160 F.R.D. 98 | S.D. Ohio | 1995
ORDER
This case is before the Court on plaintiffs and counterclaim defendant’s motion to compel answers to David Green’s deposition. Also raised at the hearing, by permission of the Court, was a request by defendant to compel answers to the deposition of witness Colletti.
The record reflects numerous instances of improper instructions to witnesses not to answer questions by attorneys Lobenfeld and Steiffel. It also reflects instances where Attorney Steiffel has instructed a witness how to answer questions. Eight separate filings have been made by these attorneys regarding this issue, causing unnecessary expense to their clients.
As a result of their inappropriate conduct, the attorneys have wasted the time of their clients and the Court, and have demonstrated that they are in need of guidance as to what constitutes appropriate conduct at a deposition.
As officers of the court, counsel are expected to conduct themselves in a professional manner during a deposition. A deposition is intended to permit discovery of information in the possession of the deponent or perpetuate the testimony of the deponent. In either case, it is to be conducted in a manner that simulates the dignified and serious atmosphere of the courtroom. Thus, the witness is placed under oath and a court reporter is present. Conduct that is not permissible in the courtroom during the questioning of a witness is ordinarily not permissible at a deposition. Thus, accusations of wrongdoing against witnesses and attorneys have no place in a deposition. Attempts to interrogate opposing counsel during the course of a deposition are improper. Because a judge is not present to rule on legal disputes, arguing legal matters during a deposition serves no purpose. A deposition is not to be used as a device to intimidate a witness or opposing counsel so as to make that person fear the trial as an experience that will be equally unpleasant, thereby motivating him to either dismiss or settle the complaint. Mazzei v. Morton Thiokol, Inc., C-1-88-753 (S.D.Ohio Apr. 21, 1989) (Steinberg, M.J.); Fed.R.Civ.P. 30.

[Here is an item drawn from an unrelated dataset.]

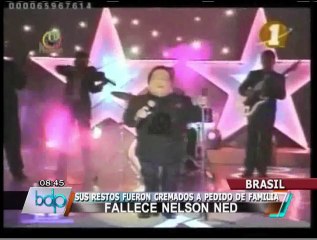 Restos de Nelson Ned fueron cremados en cementerio Horto da Paz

Where irrelevant or repetitious questioning by interrogating counsel occurs, the appropriate course for opposing counsel is to enter an objection. The witness may then answer the question. If the answer is offered at trial, opposing counsel may then renew tbe objection and the trial judge will rule on it. If authorized by law (for example, where a valid claim of privilege exists), opposing counsel may instruct the witness not to answer the question. Where the objection is to irrelevant or repetitious questions, and interrogating counsel persists in such questioning after objection, opposing counsel’s remedy lies in applying to the court for a protective order or sanctions; counsel does not have the right to unilaterally decide such issues by instructing the witness not to answer. Id.
Interrogating counsel should make a sincere effort to supply the witness and opposing counsel with all documents about which he intends to question him within a reasonable time prior to the deposition. As in the trial courtroom, it is not appropriate to take the witness or opposing counsel by surprise by producing documents not previously furnished. Where interrogating counsel attempts to question the witness about a document that either the witness or opposing counsel have not had an opportunity to review, the appropriate course for opposing counsel is to object and request a recess to review the document. Depending upon the circumstances and the number of documents, this may involve a brief recess, a long recess, or an overnight recess. If interrogating counsel refuses to permit a reasonable recess, opposing counsel may suspend the de
Where either counsel engages in improper conduct, such as hurling accusations, arguing, or lecturing witnesses or attorneys, it is not proper for opposing counsel to respond in kind. The .same applies to instances where the witness engages in inappropriate conduct. The appropriate response in any of these cases is to enter an objection. If necessary, counsel may proffer information into the record, as he or she would in court. If such improper conduct does not cease, the attorney suffering therefrom may suspend the deposition and seek relief from the Court. Id.; Fed.R.Civ.P. 26(c).
IT IS THEREFORE ORDERED THAT:
The depositions of Messrs. Green and Colletti be continued and completed prior to March 17, 1995. Because both sides have engaged in improper conduct, no costs shall be awarded.